Retamoso trabaja con las palabras y conoce sus posibilidades y también sus límites. “¿Qué decir, cómo hablar entonces, de la experiencia….Por balbuceos, intentos fallidos, donde las palabras aluden –y también eluden– lo medular del asunto, siempre esquivo, siempre huidizo, siempre refractario al supuesto trabajo especular del lenguaje”, se lee en la página 59, dentro del capítulo “Apostillas de un análisis”, que fluye a partir de abordar cuestiones como el deseo, el amor y el análisis del análisis, “ese camino largo y sinuoso” que produce una deriva azarosa vinculada al deseo y al deseo de ser deseado.

El texto, y su movimiento permanente, apelan a un lector activo, que participa de esa danza del pensamiento y las palabras. El lenguaje es creación: “Crear lenguaje supone, entonces, crear palabras para después articularlas”, señala en el capítulo “La lengua alucinada”, donde vuelve sobre la idea de que el ritmo y fluencia sostienen el enunciado.

La palabra, se afirma, es algo del orden de lo atómico, de las menores unidades tomadas en sí mismas. “Crear palabras supone, entonces, crearlas para después articularlas”, señala el autor, para volver, una vez más, sobre la noción de fluir: las palabras se crean “para hacerlas flujo, cadencia, aún cuando sean un simple tarareo”.

De un glosar redundante puede leerse también como el cuaderno de bitácora de un autor y un académico que dedicó buena parte de su vida a la reflexión crítica, la creación literaria y la enseñanza. Describe un recorrido vital por el universo de las letras, y la reflexión y teorización sobre ellas.

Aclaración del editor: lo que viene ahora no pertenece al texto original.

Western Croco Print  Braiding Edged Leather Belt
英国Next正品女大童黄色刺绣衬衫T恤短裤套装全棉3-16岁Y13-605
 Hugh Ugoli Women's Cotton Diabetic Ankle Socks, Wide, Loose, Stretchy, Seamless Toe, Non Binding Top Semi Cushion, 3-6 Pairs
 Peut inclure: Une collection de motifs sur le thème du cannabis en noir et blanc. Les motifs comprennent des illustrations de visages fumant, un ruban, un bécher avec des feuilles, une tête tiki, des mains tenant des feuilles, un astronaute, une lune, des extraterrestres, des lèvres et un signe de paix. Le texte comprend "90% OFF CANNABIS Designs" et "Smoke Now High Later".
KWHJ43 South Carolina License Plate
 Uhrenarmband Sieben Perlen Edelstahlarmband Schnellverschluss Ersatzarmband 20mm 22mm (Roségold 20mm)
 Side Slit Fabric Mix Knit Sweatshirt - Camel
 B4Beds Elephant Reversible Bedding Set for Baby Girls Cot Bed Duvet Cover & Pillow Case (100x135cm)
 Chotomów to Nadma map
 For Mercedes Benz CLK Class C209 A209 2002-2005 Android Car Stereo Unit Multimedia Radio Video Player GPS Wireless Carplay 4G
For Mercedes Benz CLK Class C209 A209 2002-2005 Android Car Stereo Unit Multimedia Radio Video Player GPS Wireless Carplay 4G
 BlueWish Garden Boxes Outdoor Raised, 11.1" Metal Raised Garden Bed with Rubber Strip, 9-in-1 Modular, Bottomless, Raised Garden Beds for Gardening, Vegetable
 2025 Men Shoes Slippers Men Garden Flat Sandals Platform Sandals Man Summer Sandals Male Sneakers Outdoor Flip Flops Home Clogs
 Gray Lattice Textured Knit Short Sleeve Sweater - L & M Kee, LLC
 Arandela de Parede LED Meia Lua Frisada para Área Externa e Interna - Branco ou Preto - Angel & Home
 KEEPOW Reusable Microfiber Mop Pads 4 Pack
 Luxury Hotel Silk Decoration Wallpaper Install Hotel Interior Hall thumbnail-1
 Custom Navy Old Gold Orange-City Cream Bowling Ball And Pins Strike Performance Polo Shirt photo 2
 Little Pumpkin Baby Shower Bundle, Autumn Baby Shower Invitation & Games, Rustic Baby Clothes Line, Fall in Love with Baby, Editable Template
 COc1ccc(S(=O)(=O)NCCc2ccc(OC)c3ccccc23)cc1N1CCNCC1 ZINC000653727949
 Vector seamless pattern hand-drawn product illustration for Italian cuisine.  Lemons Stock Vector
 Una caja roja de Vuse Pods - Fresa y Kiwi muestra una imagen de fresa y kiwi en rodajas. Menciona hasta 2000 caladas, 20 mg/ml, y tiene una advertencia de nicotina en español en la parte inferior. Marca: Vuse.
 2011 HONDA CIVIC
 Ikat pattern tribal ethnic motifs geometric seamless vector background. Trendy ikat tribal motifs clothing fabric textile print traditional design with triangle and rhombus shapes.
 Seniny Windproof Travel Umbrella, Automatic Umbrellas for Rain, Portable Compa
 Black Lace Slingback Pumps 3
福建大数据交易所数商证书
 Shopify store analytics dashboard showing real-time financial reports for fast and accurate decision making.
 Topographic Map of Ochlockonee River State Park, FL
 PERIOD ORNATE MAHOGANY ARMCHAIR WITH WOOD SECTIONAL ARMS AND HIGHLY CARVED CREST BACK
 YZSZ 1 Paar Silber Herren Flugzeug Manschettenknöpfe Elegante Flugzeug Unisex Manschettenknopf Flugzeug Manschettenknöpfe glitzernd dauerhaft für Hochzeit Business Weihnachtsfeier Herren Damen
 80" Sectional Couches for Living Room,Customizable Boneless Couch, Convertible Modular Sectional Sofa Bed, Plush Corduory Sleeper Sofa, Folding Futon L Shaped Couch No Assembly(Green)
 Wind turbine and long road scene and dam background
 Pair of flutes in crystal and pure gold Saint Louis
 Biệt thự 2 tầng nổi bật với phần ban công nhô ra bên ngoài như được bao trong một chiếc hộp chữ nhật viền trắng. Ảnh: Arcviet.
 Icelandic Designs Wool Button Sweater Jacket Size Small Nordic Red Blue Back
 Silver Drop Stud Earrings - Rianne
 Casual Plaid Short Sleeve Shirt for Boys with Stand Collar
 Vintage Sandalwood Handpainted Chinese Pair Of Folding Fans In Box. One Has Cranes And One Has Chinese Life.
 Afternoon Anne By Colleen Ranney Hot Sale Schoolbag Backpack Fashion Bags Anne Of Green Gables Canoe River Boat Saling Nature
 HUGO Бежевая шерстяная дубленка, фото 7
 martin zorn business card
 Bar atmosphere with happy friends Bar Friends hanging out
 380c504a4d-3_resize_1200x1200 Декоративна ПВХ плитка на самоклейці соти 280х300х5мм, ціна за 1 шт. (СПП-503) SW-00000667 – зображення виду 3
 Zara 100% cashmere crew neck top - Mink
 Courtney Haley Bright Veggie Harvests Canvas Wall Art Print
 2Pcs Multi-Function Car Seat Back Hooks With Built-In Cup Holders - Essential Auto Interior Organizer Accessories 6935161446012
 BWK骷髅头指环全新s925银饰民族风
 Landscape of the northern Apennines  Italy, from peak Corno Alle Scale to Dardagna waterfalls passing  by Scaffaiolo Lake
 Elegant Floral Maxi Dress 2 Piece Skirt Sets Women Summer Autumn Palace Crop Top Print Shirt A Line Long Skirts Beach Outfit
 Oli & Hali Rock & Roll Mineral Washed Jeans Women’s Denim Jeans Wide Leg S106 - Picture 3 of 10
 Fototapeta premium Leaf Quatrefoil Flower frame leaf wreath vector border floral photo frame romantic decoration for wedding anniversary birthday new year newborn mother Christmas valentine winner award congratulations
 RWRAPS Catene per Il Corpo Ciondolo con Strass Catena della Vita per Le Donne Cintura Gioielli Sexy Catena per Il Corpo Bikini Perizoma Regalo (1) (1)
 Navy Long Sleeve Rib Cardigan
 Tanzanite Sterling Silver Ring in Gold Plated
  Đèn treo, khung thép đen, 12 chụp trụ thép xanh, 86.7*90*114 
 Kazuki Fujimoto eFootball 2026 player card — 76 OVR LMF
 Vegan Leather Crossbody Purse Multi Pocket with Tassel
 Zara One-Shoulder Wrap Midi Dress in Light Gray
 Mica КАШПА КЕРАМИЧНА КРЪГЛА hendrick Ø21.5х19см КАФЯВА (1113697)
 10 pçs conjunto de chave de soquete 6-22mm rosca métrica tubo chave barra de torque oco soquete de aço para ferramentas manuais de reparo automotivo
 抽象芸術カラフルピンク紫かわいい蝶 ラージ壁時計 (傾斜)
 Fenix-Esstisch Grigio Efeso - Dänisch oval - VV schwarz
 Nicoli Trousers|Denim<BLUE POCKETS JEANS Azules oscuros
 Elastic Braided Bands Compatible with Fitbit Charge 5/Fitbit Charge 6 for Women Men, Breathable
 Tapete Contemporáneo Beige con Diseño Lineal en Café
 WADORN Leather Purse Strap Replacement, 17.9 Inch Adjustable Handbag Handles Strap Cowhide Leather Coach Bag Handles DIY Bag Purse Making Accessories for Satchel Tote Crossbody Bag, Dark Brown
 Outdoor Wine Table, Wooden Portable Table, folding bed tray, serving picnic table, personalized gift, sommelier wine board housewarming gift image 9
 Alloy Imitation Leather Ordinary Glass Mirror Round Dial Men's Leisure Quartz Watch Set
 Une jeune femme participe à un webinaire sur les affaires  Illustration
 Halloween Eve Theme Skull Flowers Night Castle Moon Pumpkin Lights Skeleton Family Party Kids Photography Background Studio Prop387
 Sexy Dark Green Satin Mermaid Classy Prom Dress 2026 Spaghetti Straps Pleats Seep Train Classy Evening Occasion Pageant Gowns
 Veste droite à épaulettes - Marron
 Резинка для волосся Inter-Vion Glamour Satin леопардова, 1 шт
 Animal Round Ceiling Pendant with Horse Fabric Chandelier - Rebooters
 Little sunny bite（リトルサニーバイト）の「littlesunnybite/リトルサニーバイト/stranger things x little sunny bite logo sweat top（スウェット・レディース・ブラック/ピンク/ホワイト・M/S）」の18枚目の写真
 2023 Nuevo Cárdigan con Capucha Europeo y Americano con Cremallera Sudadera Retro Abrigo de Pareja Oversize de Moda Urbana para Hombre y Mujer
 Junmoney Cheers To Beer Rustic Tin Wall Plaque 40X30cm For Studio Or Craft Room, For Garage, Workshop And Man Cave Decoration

Es la historia de un lector, profesor y escritor que se pregunta, indaga, y vuelve, una y otra vez, sobre su objeto de estudio, con pasión, paciencia y compromiso.

Roberto Retamoso es profesor y doctor en Letras de la Facultad de Humanidades y Artes de la Universidad Nacional de Rosario (UNR), donde se desempeñó como docente durante más de treinta años. Publicó libros de crítica y ensayo, como Las dimensiones de lo poético, Figuras cercanas, Oliverio Girondo: el devenir de su poesía, Apuntes de Literatura Argentina, El discurso de la crítica y Metafísica en Roberto Arlt, Macedonio Fernández y Leopoldo Marechal. Es autor de poemarios, entre los que pueden mencionarse Preguntar del hijo, La primavera camporista y otros poemas, Teoría de la lectura, El Diecisiete y Tangata rosarina. Publicó asimismo las novelas Las aguas cárdenas y Prosopopeya.

Junto a Roberto García, el autor forma parte de la Escuela de Literatura de Rosario “Aldo F. Oliva”, que funciona junto con la Cooperativa Mercado Solidario en el Trocadero (Santiago 989, Rosario).